[Scraped caption text data]

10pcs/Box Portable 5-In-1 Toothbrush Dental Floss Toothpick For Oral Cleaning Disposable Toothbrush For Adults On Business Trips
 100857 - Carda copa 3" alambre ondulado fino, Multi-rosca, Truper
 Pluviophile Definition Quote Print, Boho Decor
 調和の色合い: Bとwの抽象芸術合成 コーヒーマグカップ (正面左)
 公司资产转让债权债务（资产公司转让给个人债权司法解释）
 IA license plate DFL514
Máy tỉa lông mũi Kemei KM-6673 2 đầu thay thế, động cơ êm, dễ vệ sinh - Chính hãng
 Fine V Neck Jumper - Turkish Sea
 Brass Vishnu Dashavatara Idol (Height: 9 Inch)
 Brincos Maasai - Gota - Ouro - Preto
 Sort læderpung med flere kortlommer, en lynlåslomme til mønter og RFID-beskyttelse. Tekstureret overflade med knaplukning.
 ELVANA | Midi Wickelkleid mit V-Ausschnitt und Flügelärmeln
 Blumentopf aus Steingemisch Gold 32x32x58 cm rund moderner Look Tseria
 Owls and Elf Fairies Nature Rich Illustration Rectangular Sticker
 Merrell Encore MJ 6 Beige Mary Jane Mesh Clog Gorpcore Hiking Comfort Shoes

**What you are asked to do**
Reproduce each line of the entries above from the one containing "Máy tỉa lông" through the last, exactly, and no other line.

**Response to the task**
Máy tỉa lông mũi Kemei KM-6673 2 đầu thay thế, động cơ êm, dễ vệ sinh - Chính hãng
 Fine V Neck Jumper - Turkish Sea
 Brass Vishnu Dashavatara Idol (Height: 9 Inch)
 Brincos Maasai - Gota - Ouro - Preto
 Sort læderpung med flere kortlommer, en lynlåslomme til mønter og RFID-beskyttelse. Tekstureret overflade med knaplukning.
 ELVANA | Midi Wickelkleid mit V-Ausschnitt und Flügelärmeln
 Blumentopf aus Steingemisch Gold 32x32x58 cm rund moderner Look Tseria
 Owls and Elf Fairies Nature Rich Illustration Rectangular Sticker
 Merrell Encore MJ 6 Beige Mary Jane Mesh Clog Gorpcore Hiking Comfort Shoes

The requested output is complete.